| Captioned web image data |
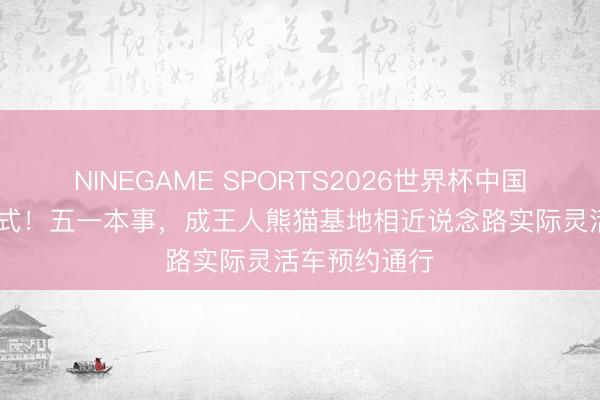 NINEGAME SPORTS2026世界杯中国官方网站 正式！五一本事，成王人熊猫基地相近说念路实际灵活车预约通行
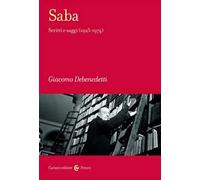 Libri Giacomo Debenedetti - Saba. Scritti E Saggi (1923-1974)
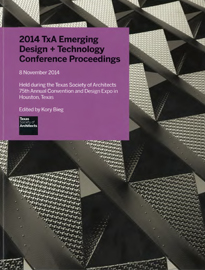2014 TxA Emerging Design +Technology Conference Proceedings
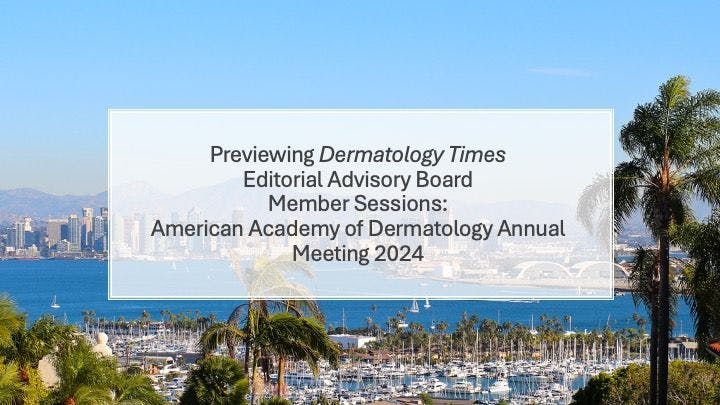 Previewing Editorial Advisory Board Member Sessions at the American Academy of Dermatology Annual Meeting 2024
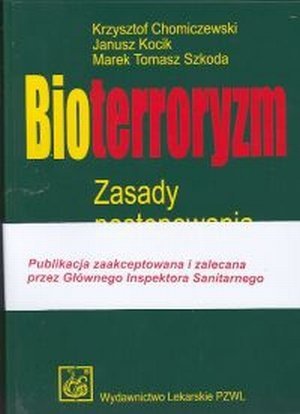Bioterroryzm Zasady postępowania lekarskiego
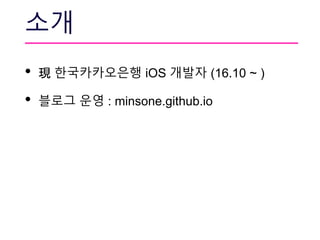 • 現 한국카카오은행 iOS 개발자 (16.10 ~ )
• 블로그 운영 : minsone.github.io
소개
 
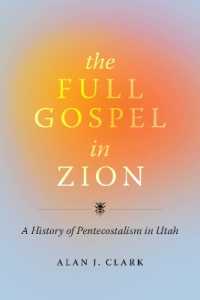 The Full Gospel in Zion : A History of Pentecostalism in Utah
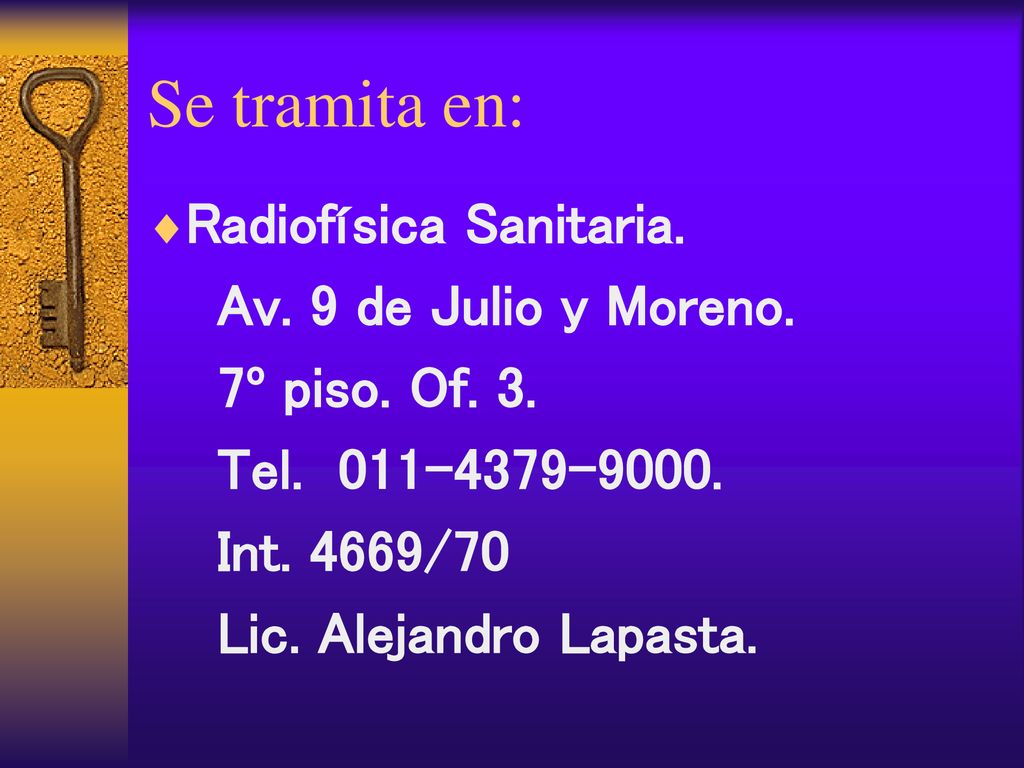 Se tramita en: Radiofísica Sanitaria. Av. 9 de Julio y Moreno.
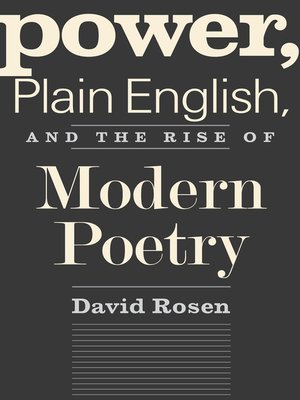 cover image of Power, Plain English, and the Rise of Modern Poetry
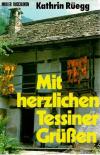 Rüegg, Mit herzlichen Tessiner Grüssen.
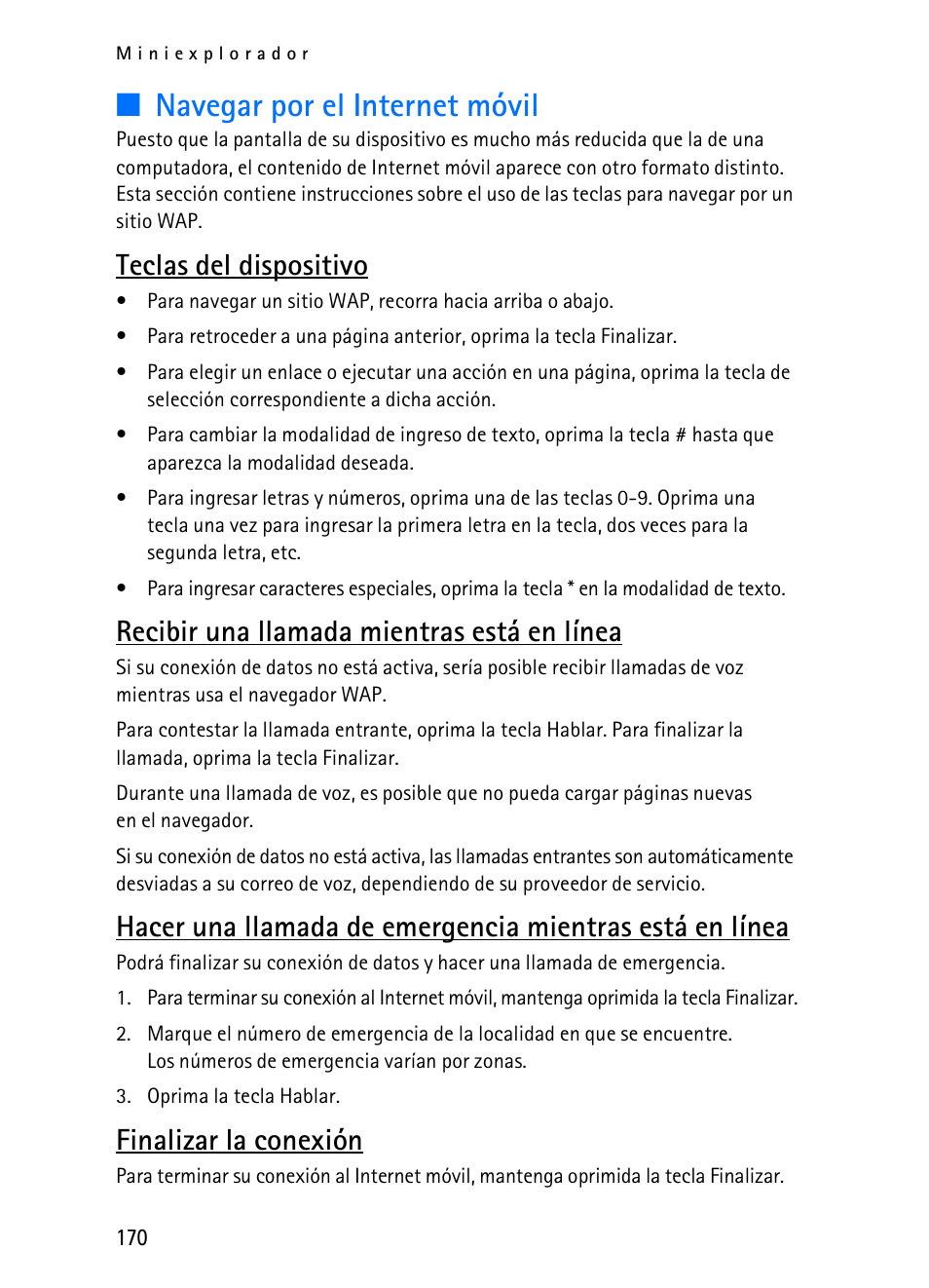 Navegar por el internet móvil, Teclas del dispositivo, Recibir una llamada mientras está en línea | Finalizar la conexión | Nokia 2116i User Manual | Page 171 / 201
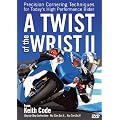 Twist of the Wrist II DVD: Precision Cornering Techniques for Today's High Performance Rider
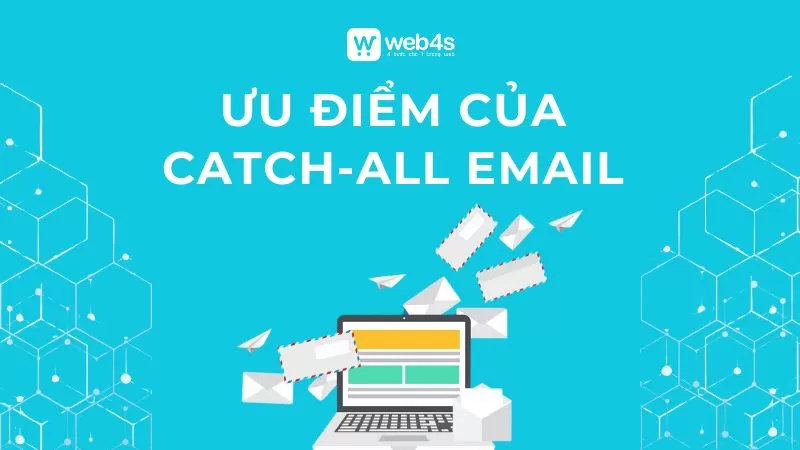 Ưu điểm của Catch-All Email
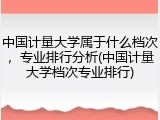 中国计量大学属于什么档次，专业排行分析(中国计量大学档次专业排行)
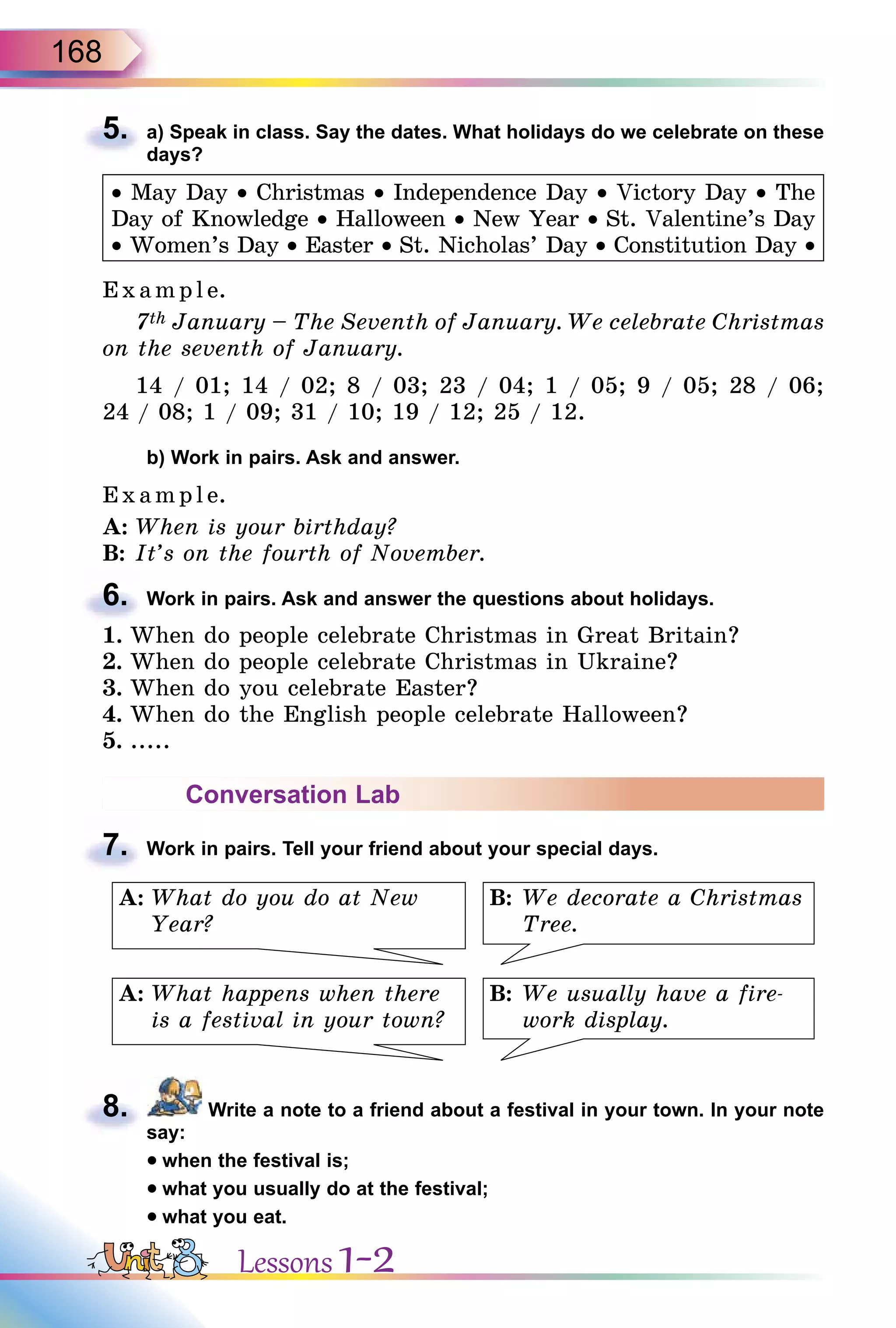 168
5. a) Speak in class. Say the dates. What holidays do we celebrate on these
days?
• May Day • Christmas • Independence Day • Victory Day • The
Day of Knowledge • Halloween • New Year • St. Valentine’s Day
• Women’s Day • Easter • St. Nicholas’ Day • Constitution Day •
Exa mpl e.
7th January – The Seventh of January. We celebrate Christmas
on the seventh of January.
14 / 01; 14 / 02; 8 / 03; 23 / 04; 1 / 05; 9 / 05; 28 / 06;
24 / 08; 1 / 09; 31 / 10; 19 / 12; 25 / 12.
b) Work in pairs. Ask and answer.
E x ampl e.
A: When is your birthday?
B: It’s on the fourth of November.
6. Work in pairs. Ask and answer the questions about holidays.
1. When do people celebrate Christmas in Great Britain?
2. When do people celebrate Christmas in Ukraine?
3. When do you celebrate Easter?
4. When do the English people celebrate Halloween?
5. .....
Conversation Lab
7. Work in pairs. Tell your friend about your special days.
B: We decorate a Christmas
Tree.
B: We usually have a fire-
work display.
A: What do you do at New
Year?
A: What happens when there
is a festival in your town?
8. Write a note to a friend about a festival in your town. In your note
say:
• when the festival is;
• what you usually do at the festival;
• what you eat.
5.
6.
7.
8.
Lessons 1-2
 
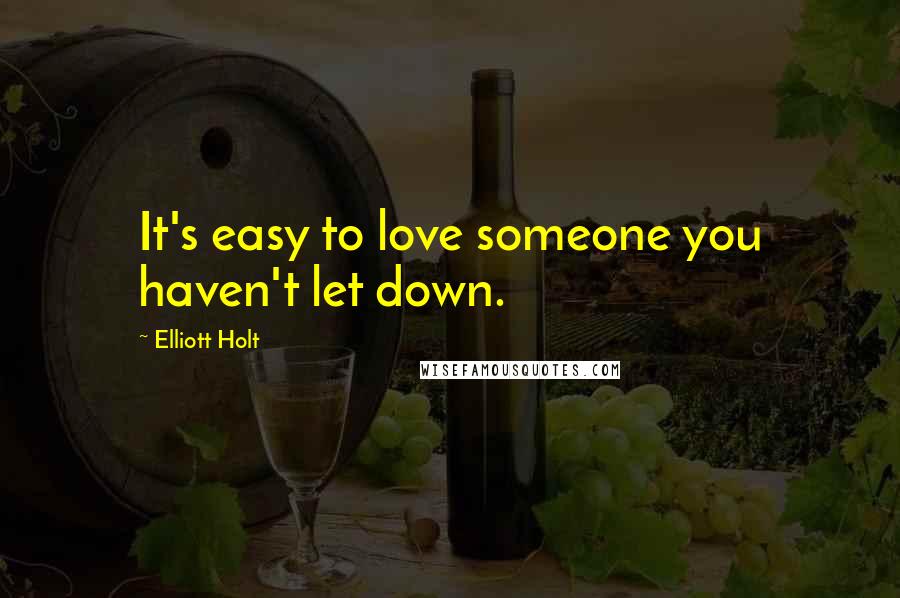 Elliott Holt Quotes: It's easy to love someone you haven't let down.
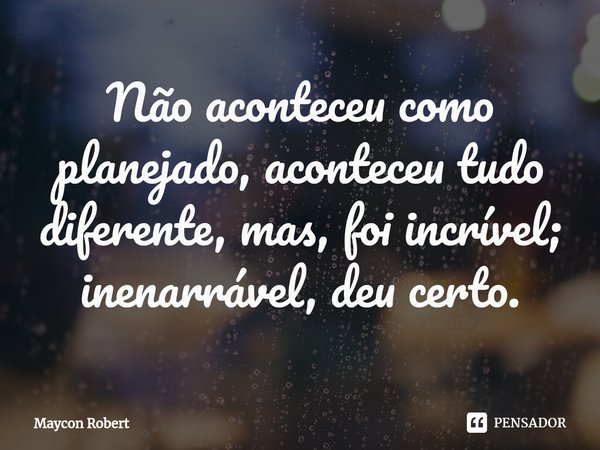 ⁠Não aconteceu como planejado, aconteceu tudo diferente, mas, foi incrível; inenarrável, deu certo.... Frase de Maycon Robert.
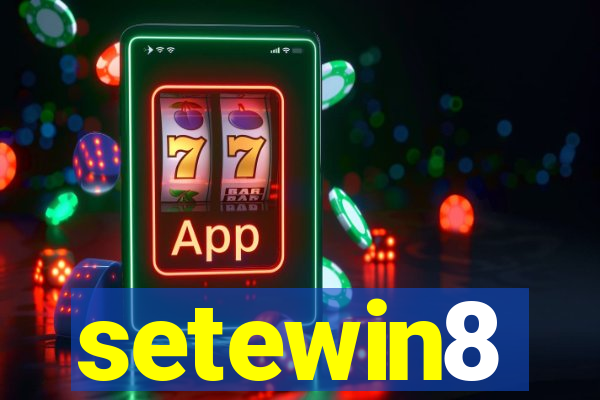 setewin8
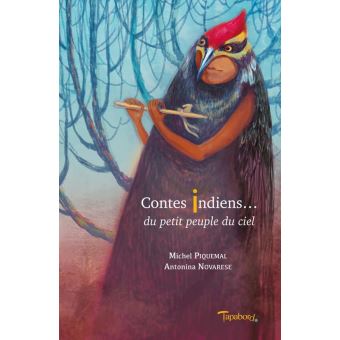 Contes indiens... du petit peuple du ciel
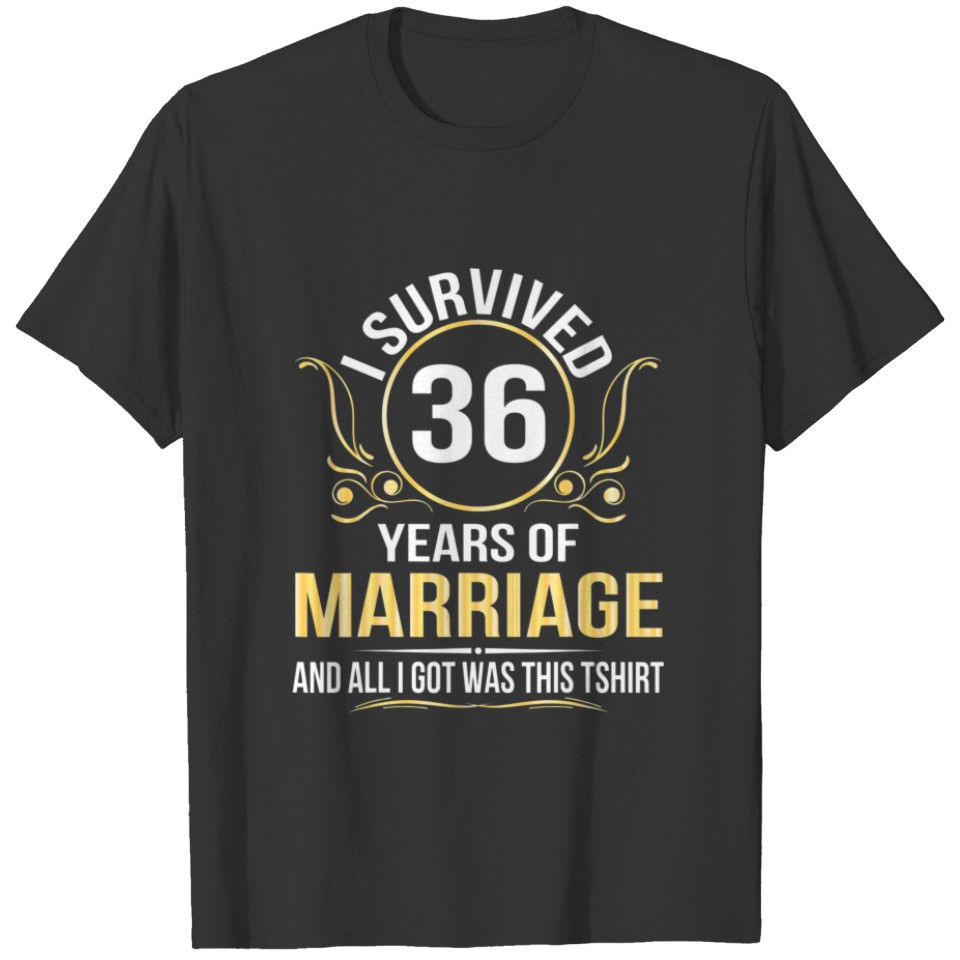 I Survived 36 Years Of Marriage Wedding All I Got T-shirt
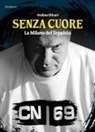 Stefano Olivari, Mara Lucca - Senza cuore. La Milano del teppista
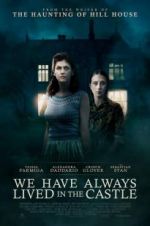 Watch We Have Always Lived in the Castle Myflixer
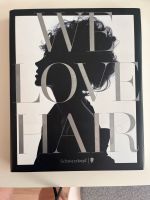 Coffeetable Buch We love Hair mit Fotografien von Karl Lagerfeld München - Laim Vorschau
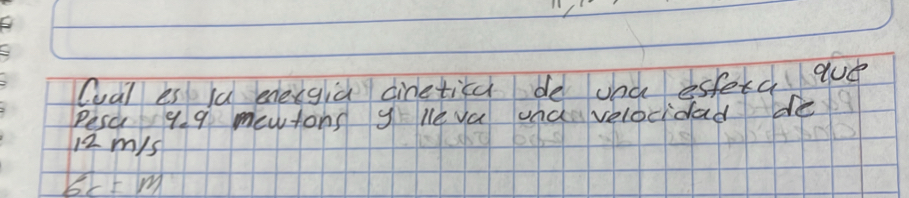 Cual es lu energla ciretica de und esterc que 
Pesc 99 mewtons y le va and velocidad de
12 mys
bc=m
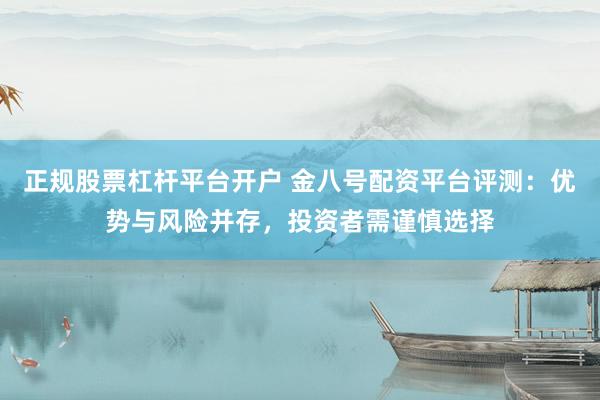 正規(guī)股票杠桿平臺開戶 金八號配資平臺評測：優(yōu)勢與風(fēng)險并存，投資者需謹(jǐn)慎選擇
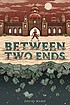 Between two ends by  David Ward 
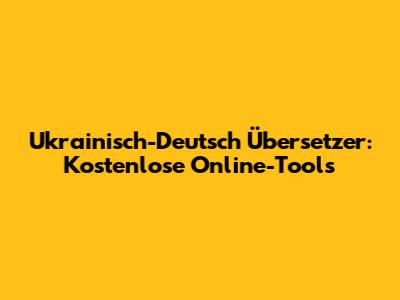 Ukrainisch-Deutsch Übersetzer: Kostenlose Online-Tools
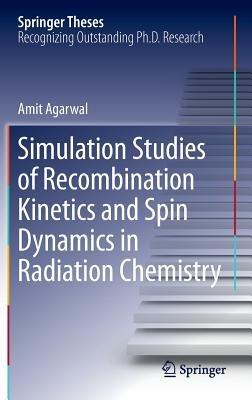 Simulation Studies of Recombination Kinetics and Spin Dynamics in Radiation Chemistry - Amit Agarwal - cover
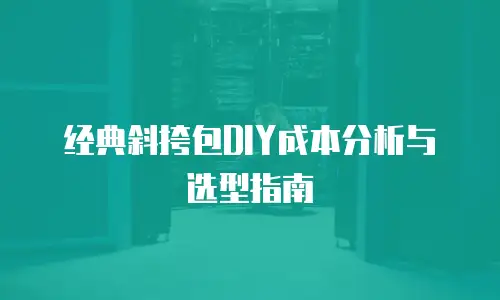 经典斜挎包DIY成本分析与选型指南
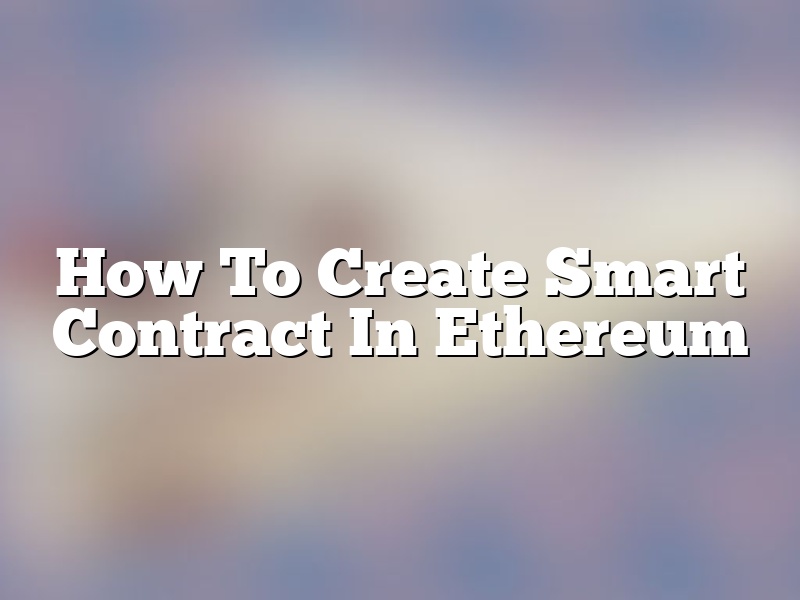 How To Create Smart Contract In Ethereum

| What you should do |
Write the lines from the one with "B: We decorate a Christmas" through the last line of the entries out again exactly, both ends included, and skip the pictures.

| Your solution |
B: We decorate a Christmas
Tree.
B: We usually have a fire-
work display.
A: What do you do at New
Year?
A: What happens when there
is a festival in your town?
8. Write a note to a friend about a festival in your town. In your note
say:
• when the festival is;
• what you usually do at the festival;
• what you eat.
5.
6.
7.
8.
Lessons 1-2
 
 Elliott Holt Quotes: It's easy to love someone you haven't let down.
 ⁠Não aconteceu como planejado, aconteceu tudo diferente, mas, foi incrível; inenarrável, deu certo.... Frase de Maycon Robert.
 setewin8
 Contes indiens... du petit peuple du ciel
 I Survived 36 Years Of Marriage Wedding All I Got T-shirt
 Stefano Olivari, Mara Lucca - Senza cuore. La Milano del teppista
 Watch We Have Always Lived in the Castle Myflixer
 Coffeetable Buch We love Hair mit Fotografien von Karl Lagerfeld München - Laim Vorschau
 Cual es lu energla ciretica de und esterc que 
Pesc 99 mewtons y le va and velocidad de
12 mys
bc=m
 正規(guī)股票杠桿平臺開戶 金八號配資平臺評測：優(yōu)勢與風(fēng)險并存，投資者需謹(jǐn)慎選擇
 Between two ends by  David Ward 
 Ukrainisch-Deutsch Übersetzer: Kostenlose Online-Tools
 Simulation Studies of Recombination Kinetics and Spin Dynamics in Radiation Chemistry - Amit Agarwal - cover
 经典斜挎包DIY成本分析与选型指南
 How To Create Smart Contract In Ethereum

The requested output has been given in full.